As my students begin to venture out into the “real world” of Canadian healthcare, I face new challenges as the “buffer zone” too. Imagine that you are elderly, have a little difficulty seeing and hearing, and need assistance with your most personal body functions. Then, without your consent or knowledge, some stranger you can’t understand at all comes and clumsily attempts to help you. How disconcerting is that? In your own home no less! Now imagine that you are a staff member trying to help this new Canadian learn how things are done, but it’s so difficult to communicate! Now imagine that you are new, scared, feeling demoted and devalued (because you were a respected professional in your own country) and you can’t even get someone washed and dressed before they say “Get out! I don’t want you! I can’t understand you!” And last of all imagine that you are the teacher and it’s your job to keep everyone happy so that students can be successful in their learning and so that the nursing home will accept students in the future (otherwise your boss will be unhappy). We are not racist, we say, but we prefer to associate as little as possible in our personal lives with those who are not like us. It takes too much effort to try to understand them and work with them.

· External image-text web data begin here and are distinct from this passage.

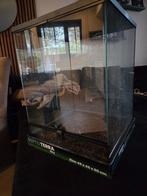 Terrarium 45x45x60. Met of zonder lampenkap, Dieren en Toebehoren, Slang, 0 tot 2 jaar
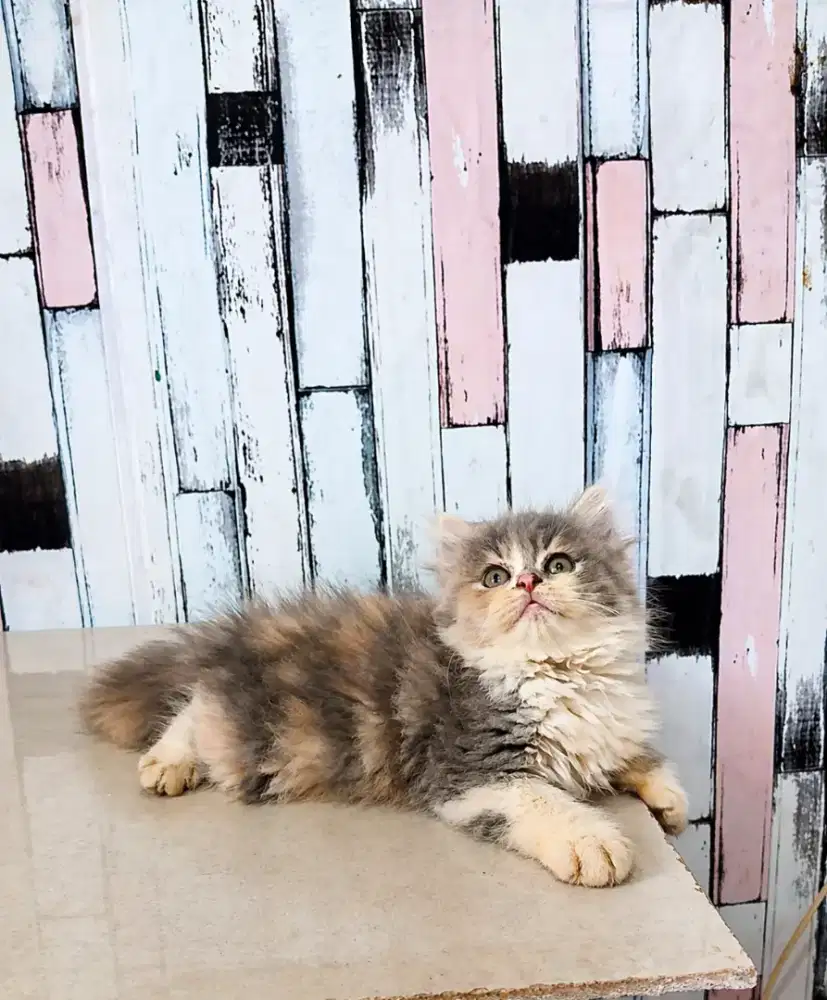 Kucing persia flatnose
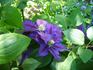 Mrs. N. Thompson clematis photo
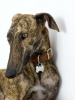 greyhound / #1512670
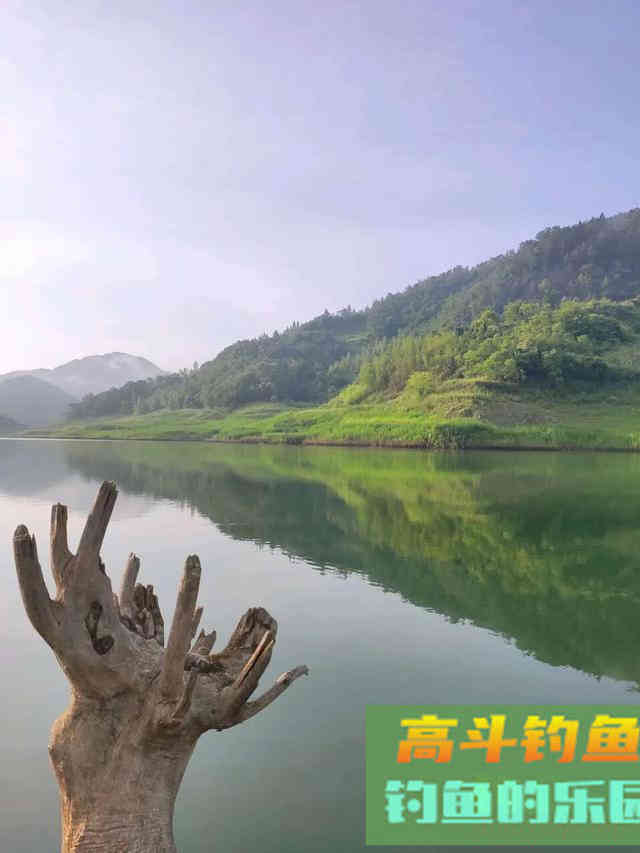 鲢鳙垂钓，钓底与钓浮根据水域季节选择的技巧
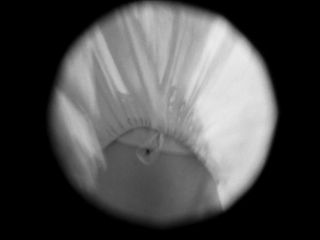 Nudeceleb- Elina Lowensohn Alexandra Courquet Clara Guiomar Isabelle Lapouge Laure Lapeyre Joëlle Pinardon Laurène Faure Tamara Cauzot Valerie Moreau Audrey Le Corre – Boro in the Box (2011) HD 1080p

What was my biggest challenge this week? A meeting I called with a student and two personal support workers (PSWs) at the nursing home to try to clarify an issue. Obviously, there was an issue. The PSWs were quite upset, the student was quite upset, and in leading the conversation I discovered that clearly each party considered the other to be in the wrong. Both sides insisted they had communicated well with the other side, but there was no follow through. Sigh! I talked about the difficulties of communication with accents and so on, but I was in a bit of a bind. What, after all, is a person to do when she needs to advocate for a student who may be experiencing racial discrimination while she harbors doubts in her own heart about that student’s performance? This distinguished gentleman, who bows to me sometimes, was deeply hurt at them tattling to me instead of speaking to him. Can’t say as I blame him! In the staff’s defense, they probably didn’t even catch what he was saying when he told them that; his accent is so hard to decipher. Jesus taught us in the parable of the good Samaritan that loving our neighbors means showing mercy to those around us who are in need. Our neighbors are any and all persons who cross our path. It gets tougher when our neighbors are on opposite sides of a conflict! We ended up leaving the work issue basically unresolved since we couldn’t untangle it sufficiently, and instead focused on making a specific plan for the next class that I hope everyone understood clearly. I pray for the love, patience, and endurance to continue working with my multicultural neighborhood. It’s messy, it’s bumpy, and usually there is no road map, but the Lord loves us all and will help us love each other.